If they flip ya any grief...just tell them you hunt bear with a plunger.

:D
 
If the neighbors have a problem with you tracking vocals - I can't imagine what they will say when you track drums.....or slap a mic in front of a Marshall cab.

Seriously, most basic room treatment is simply designed to prevent reflections - not to prevent sound from escaping. You could try to put thick layers of carpet down. I know someone who lived in an upper who poured about 6 inches of sand on the floor and then built a second floor - but that is an extreme.

The suggestion from Dogbreath may help....a little - tbut a cloths closet is more about recording a "dead sound" (no room reflections) vs. isloating the sound.
 
There is sound-treatment and there is sound-PROOFING.

Proofing involves lots of mass (concrete, sheet rubber and wood) with double walls and floors insulated from each other.

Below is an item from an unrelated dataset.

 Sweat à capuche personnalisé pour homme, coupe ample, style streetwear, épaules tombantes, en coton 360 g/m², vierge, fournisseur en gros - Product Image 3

.....ain't gonna happen in an apartment.
 
any good ideas for a home vocal booth that doesn't upset my downstairs neighbours
Short of having only Aretha Franklin sing in it and asking your downstairs neighbors to sit in on the sessions, or moving to an apartment building built with Flexicore floors, there's probably not much you can do.

The closet idea might help if you laid down 1/2" steel plate on the whole closet floor and covered that with a "floating floor" made of hardwood or other stiff material that "floated" on rubber pads between it and the steel. Problem is unless you also float or de-couple the stud walls of the closet/booth from the floor, you'll still get transferrence that way. Whether it'll still be enough to bug your neighbors depends on how sensitive they are and how good your voice is.

if you want to find out more about floating floors, vocal booths or acoustic design in general, check out these books. But you're probably better off either killing your neighbors and renting their apartment yourself, or finding a bandmate's house or a rehersal space to do you recording in.

G.
 
Short of having only Aretha Franklin sing in it and asking your downstairs neighbors to sit in on the sessions, or moving to an apartment building built with Flexicore floors, there's probably not much you can do.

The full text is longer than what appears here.